In matchpoint games, which use comparative scoring, overtricks are very important. Therefore, although safety plays have a certain role at matchpoints, they are normally avoided if the odds for making the contract are good and overtricks are likely.



The term safety play is difficult to define crisply. The Bridge World glossary[1] defines safety play as "the surest line to make the contract, disregarding extra tricks that might be made in some other way." Marshall Miles[2] has defined it as "playing in such a way as to lose a trick with average breaks in order to avoid losing additional tricks with bad breaks."

Conflating discussions from various sources yields the following points, each descriptive of safety play characteristics:

  • A safety play is made in a single suit.
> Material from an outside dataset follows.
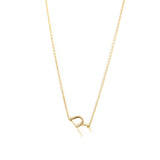 Sterling/Gold Plated Small Initial Necklace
In the context of that suit, it can often be described using other terms that might or might not pertain to the full deal, such as avoidance play, percentage play, coup or duck.
  • A safety play, although made in a single suit, is intended to maximize declarer's chances to make the contract.
  • A safety play usually gives up the opportunity to win as many tricks as possible in a particular suit in order to gain an advantage on the full deal. It therefore is sometimes compared to an insurance premium.


Safety plays have a role at both comparative scoring and quantitative scoring, although they are used more often at quantitative scoring because they tend to give up on overtricks.